Thursday, January 16, 2014

Wordy Day; Ariana's Childhood, Part 1

Ariana looked up at her mother and knew that she wouldn't be comfort. She could feel that her body had begun to shake and her mother must have felt it because her hand tightened on Ariana's much smaller one, making Ariana flinch but still her mother did not look down or say anything. Ariana knew she was on her own and clenched her whole body, steeling her five year old frame for the pains she was about to go through. She began to shake harder and as the visions slammed through her brain, Dark! Vortex! Sand! she felt her grip tighten upon her mothers hand and then she fell to the ground severing even that contact. Pain! Red! Black! War!

When the visions and impressions fled, Ariana lay panting on the floor of the side hallway, all alone. Her mother was gone and she was bruised, her small shoulders aching and her face wet and clammy from tears that she hadn't even felt. She took a deep ragged breath and began to cry for real. It was the side corridor so her wails wouldn't disturb the rest of the house, she thought.

She shut her eyes and abandoned herself to despair, letting her misery out with her forceful cries that echoed through the hall. She heard a door click open and her eyes flicked open in shock. She scooted around on the floor and stared at the door that had opened behind her. It was just ajar by a few inches but as she watched like an animal about to be slaughtered, the door opened and a little girl, a toddler, stared out at her, her green eyes large and somewhat neutral. The little girl stepped forward and nodded to Ariana. "You're loud," she said with a three-year-old's lisp. "Stop it."

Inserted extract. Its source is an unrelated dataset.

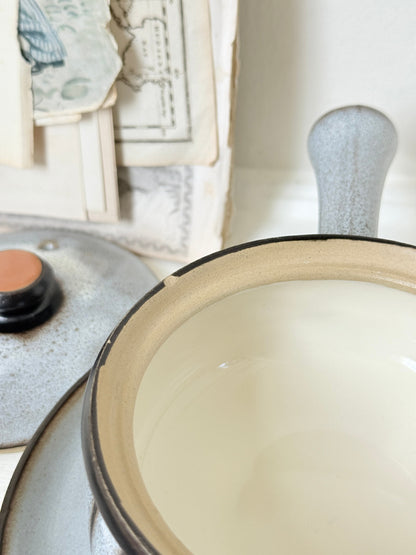 Denby Studio pair of lidded soup bowls with stands in grey and rust photographed on a white surface
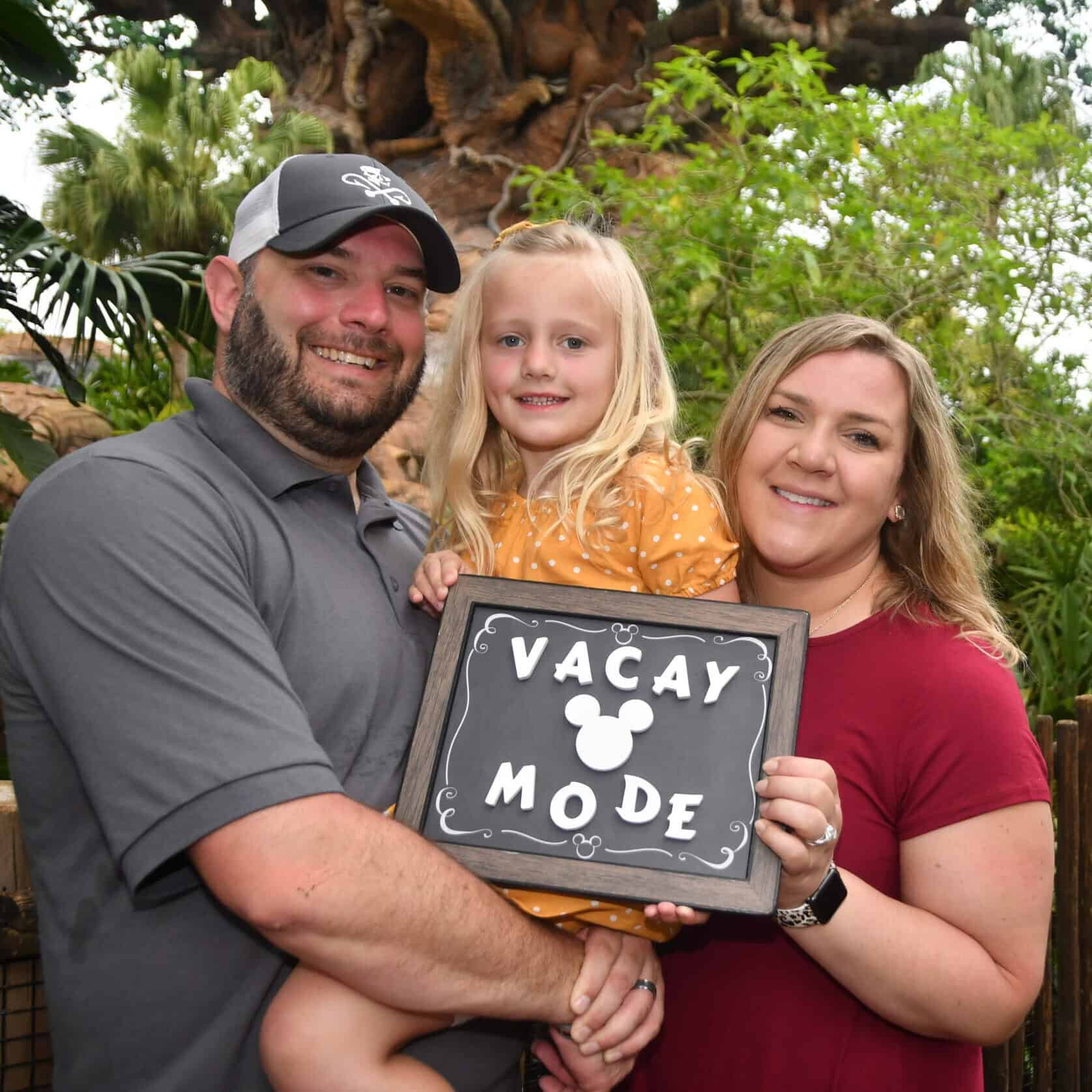 Family enjoying vacation at theme park, holding "Vacay Mode" sign, surrounded by lush greenery and themed decor.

Just like that, Ariana closed her mouth, wiped her tears, peeled her sore body off of the hard floor and went into Melody's room. They'd probably play a game and it really was that simple. As soon as Melody showed up and didn't seem to care, Ariana calmed down and could begin recuperating for the next fit. They had gotten worse this year, but in the last months, Ariana was sure they'd lessened. She wondered if it was better when her mother wasn't around.

This is a bit about two characters in a series of books that I am working on, which includes the infamous Snow Sands I removed for revision late last year. Ariana and Melody are broken members of their family. They mostly stick together up until and during the events of Snow Sands. Ariana experiences visions, mostly against her will. 
Snow Sands is currently being expanded but it should be republished, perhaps under a different name, by May of 2014

Tuesday, January 14, 2014

Grammar and What it Means to Us and Everybody Else

I is one good girl. I likes banana and drinks five glass water the day.

The above sentence is wrong. It's very, very wrong. It does communicate as all the necessary information is there but, it barely counts as English, let alone good English.
I guaranty you that there is a language that would accept this sentence as proper, if it was translated, of course.

This fact serves to illustrate that the rules which we use and take pride in to construct prose aren't the only rules out there and the significance we attach to certain phrasing styles is based on what those before us have determined, as well as popular culture, not to mention many centuries of invading peoples.

What we can learn from this is...

Harshness has no place in the enjoyment of writing and neither do strict rules on how to do things!

I don't advocate clumsily strung together sentences and blandness is probably the worst thing that a story can communicate. I also don't like bad grammar.

However, there is wiggle room.

I'd really appreciate it if people stopped telling others that there's one way to do things. Not even the grammar and writing books agree with you there.

There's more than one way to do things in this world. Stop being so rigid, unless you're one of those English teachers or Literature professors, you know who you are. If so, it might be too late for you. You'll prove to be a good life lesson for your students on how to deal with difficult people.

(I'm not saying English teachers are inherently bad. I had plenty of good ones. Literature professors on the other hand...Well, hope springs eternal.)